Citi has its eye on the clock.
At its investor day Wednesday, the bank touted new targets for return on tangible common equity (ROTCE), revealed that it could lose up to $4 billion from its Russia exposure, and detailed a revamped five-business strategy to take it into the coming years. Executives also made a plea for time and patience.
"Everybody listening today knows this isn’t a quick fix,” CEO Jane Fraser told investors and analysts, according to The Wall Street Journal. “This is a multiyear journey.”
If the word “multiyear” sounds familiar, it’s been in the Citi playbook since the end days of the bank’s previous CEO, Michael Corbat.
As rumors swirled in September 2020 that the bank would face regulatory action over its aging risk management infrastructure — exemplified by a manual transfer of $900 million that went undetected by human safeguards — Corbat, in a memo announcing his retirement, said: "This will be a multiyear effort, and I believe it is best for the firm for my successor to lead this important work from the beginning.”
At the same time, Wednesday’s investor day — the bank’s first in nearly five years — was not an exercise in kicking the can down the road. CFO Mark Mason acknowledged some challenges “we need to urgently address right now.”
That label could apply to any of the major prongs in Citi's strategy. On a geopolitical level, that could be the bank's $9.8 billion exposure to Russia, which it detailed to investors Monday in a filing.
Mason said Citi could lose “a little less than half of that” under a “severe stress scenario,” according to the Financial Times.
But that figure also depends on how the country’s invasion of Ukraine — and the world’s response to it — resolves. “We’ve been managing ... very proactively to bring that number down,” Mason said.
Top of mind for investors, to be sure, is returns. Citi is the only U.S. bank of its size that trades below book value. It also, however, has a history of missing previously announced ROTCE goals. The bank said in 2017 it was aiming for a 14% return on tangible common equity. That’s the same figure Goldman Sachs targeted by 2023 at its own investor day in 2020. Goldman reported a 24.3% ROTCE last year; Citi reported 13.4% — but that measure, for the fourth quarter, was 7.4%.
Citi adjusted expectations Wednesday, setting a 11% to 12% ROTCE goal over the next three to five years. “Our maniacal focus right now is on getting to these medium-term targets and building credibility with you along the way,” Fraser said, according to the Financial Times.

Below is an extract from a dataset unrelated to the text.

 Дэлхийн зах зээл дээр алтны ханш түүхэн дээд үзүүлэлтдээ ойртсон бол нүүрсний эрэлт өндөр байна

In the short term, however, the bank expects a significant uptick in expenses — 10% to 12% over the first quarter, due to bolstered hiring in wealth management and other areas. The increase will level off to 6% over 2022 as Citi aims to double its regulatory spending to $3.5 billion and boosts its focus on its treasury and trade services unit.

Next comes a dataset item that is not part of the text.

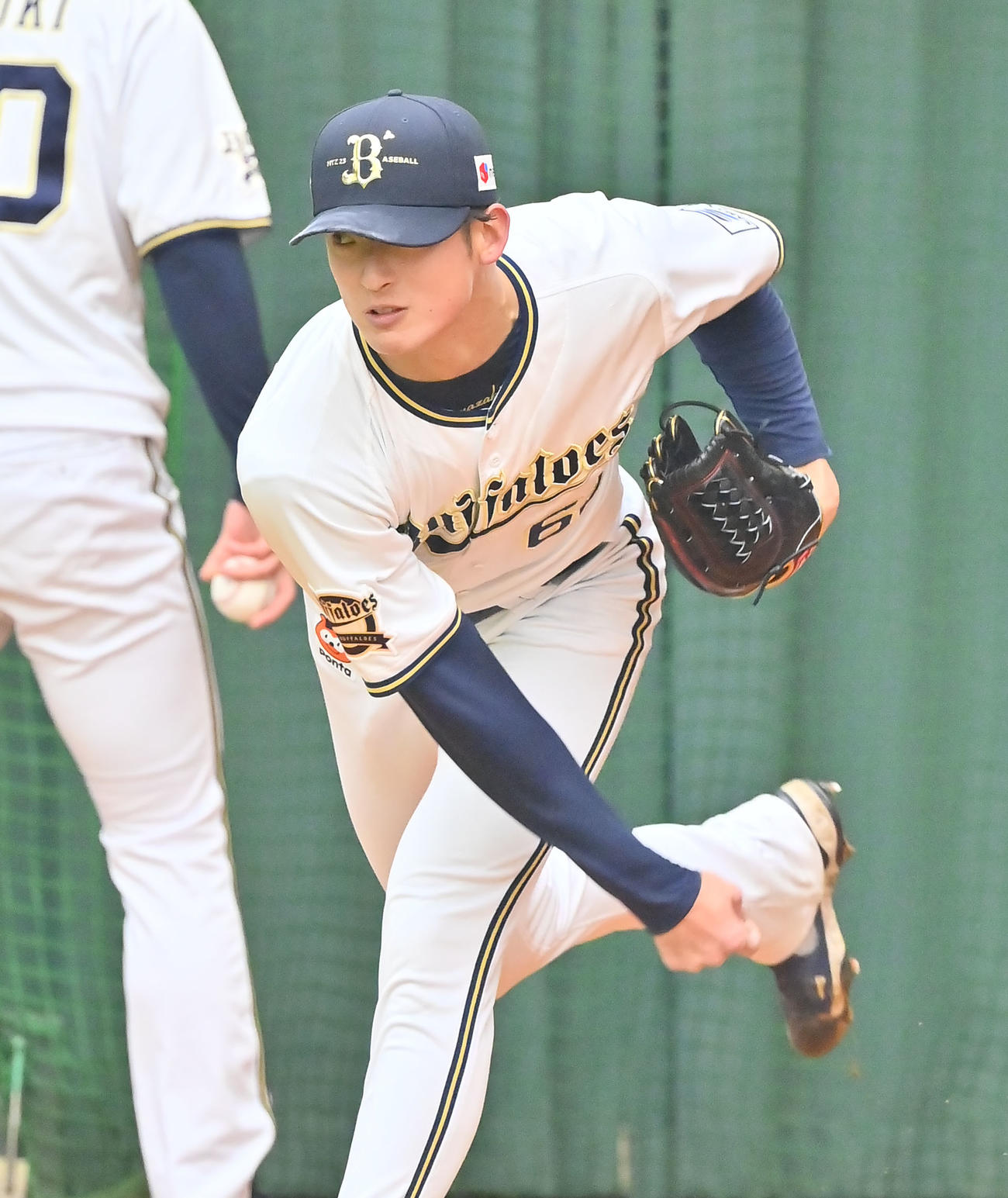 ブルペンに入り森を相手に投げ込むオリックス山崎颯（撮影・和賀正仁）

“We need to make up for the past underinvestment in our businesses,” Mason said, according to American Banker.
To that end, Citi said it would restructure around “five core interconnected businesses”: treasury and trade services, global wealth management, corporate and commercial banking, markets, and U.S. personal banking.
Fraser pitched a “high-returning, capital-light investment-banking business” for Citi’s future, eyeing growth through targeting “new-economy companies.” She also emphasized a focus on higher-returning businesses, seizing on growth opportunities in services, commercial banking and wealth management. Citi aims to capture more share in the markets, banking and U.S. personal banking businesses, she said, alongside digitizing and automating the bank’s operating model.
In her first year as CEO, Fraser had already begun some restructuring — putting Citi’s U.S. consumer and global wealth management division under one umbrella, breaking its institutional operations into three units — trading, investment and corporate banking, and services — and creating a “legacy franchises” segment to house assets from which Citi is exiting.
“Today’s our opportunity to show you that we’re determined to drive that change,” Mason told investors Thursday, according to Bloomberg.